Do you receive political spam? Political spam happens in the US, seemingly regardless of party, but it is not something universally engaged in, nor do I think that it is something broadly welcomed, even if some tolerate it.

My own personal experience is varied. Back in my Miami Beach days, I dared to sign up for local government LISTSERVs to get warnings about hurricanes (when should we leave town?) and notifications of upcoming events in the area where I lived (where's the live jazz?). A number of unscrupulous folks seem to have obtained my email address from those signups via FOIA (Freedom of Information Act) requests and then added me to lists for their various candidacies. I vigorously reported all of those unsolicited messages, knowing that most best practice-abiding email sending platforms do not intend to allow lists to be built in this way, and specific mail stopped. Sometimes an overzealous candidate for the Miami Beach city council might have lost their Mailchimp account as a result. Oh, well. They got spanked. Hopefully they learned from it.

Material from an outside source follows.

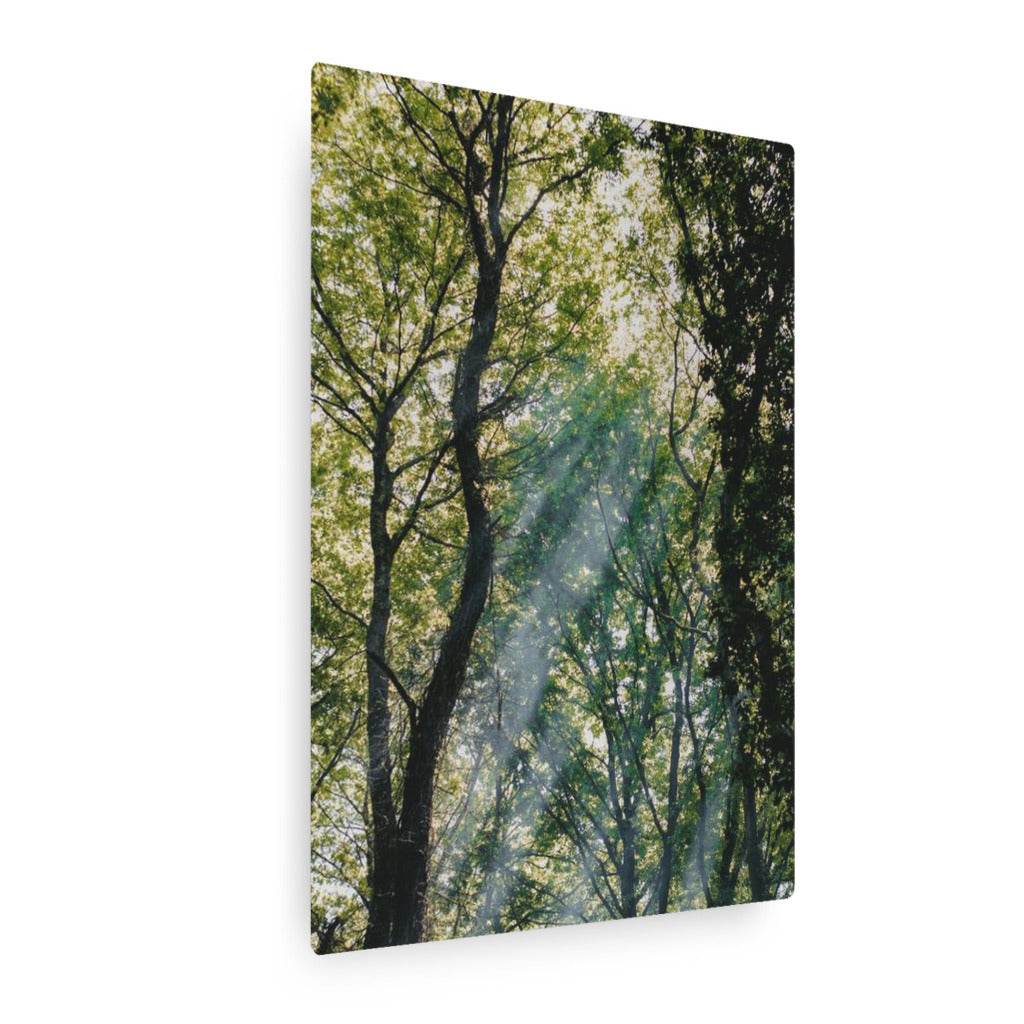 Treelight Vertical Metal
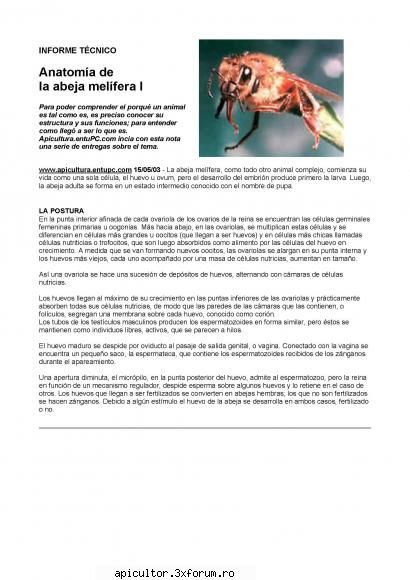 Anatomia albinei - zull - POZE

A few years ago, I moved back to Chicago. The mail (Miami targeted) continued, but after a year or so of reporting it all and making sure it's clear that I do not want or accept or put up with unsolicited mail regarding local political drama a thousand miles away, it eventually dried up.

But what of Chicago? It's silly season here in Chicago, with a city-wide election coming up shortly. Besides electing (or re-electing) our mayor, we get to choose who should be the aldermanic representative for our ward. And I saw my first Chicago-specific municipal election spam up close. One of the aldermanic candidates appears to have purchased a list, aiming to reach people in our zip code. Well, success, sort of. The local Facebook group has a number of complaints from people who are upset that she started emailing them out of the blue. She appears to have sent unsolicited mail to my wife, so we reported it to the email send platform in question, Constant Contact. I've known folks there for years, and I know they'll investigate spam allegations fairly and firmly.

When I brought up the spam on Facebook myself, there were a few folks quick to say "Just Hit Delete," which is a refrain I'm used to hearing, going back all the way to when I helped developed the first set of spam filters I implemented for my then-employer, back in 1997/1998. At the time, few people really knew what spam was (and not everybody had email), so unless you were getting the gross porn spam that was (unfortunately) what was often spewed back then, you might not have gotten what the big deal was. But fast forward to 2023, and anybody with some level of intellect (or knowledge of the email industry, tech in general, or who can read) generally understands that spam is a big problem, because if left unchecked, it wrecks whatever ecosystem(s) it flows through.

Back in the day, the insult JHD was usually accompanied by "why do you care so much, go save the rain forests or something." So to hear JHD in the context of local civic engagement is strange, isn't it? I find it at odds with the whole concept of civic engagement. Do you want to make the world a better place? Do something about it. Don't just ignore the problem. Don't "Just Hit Delete."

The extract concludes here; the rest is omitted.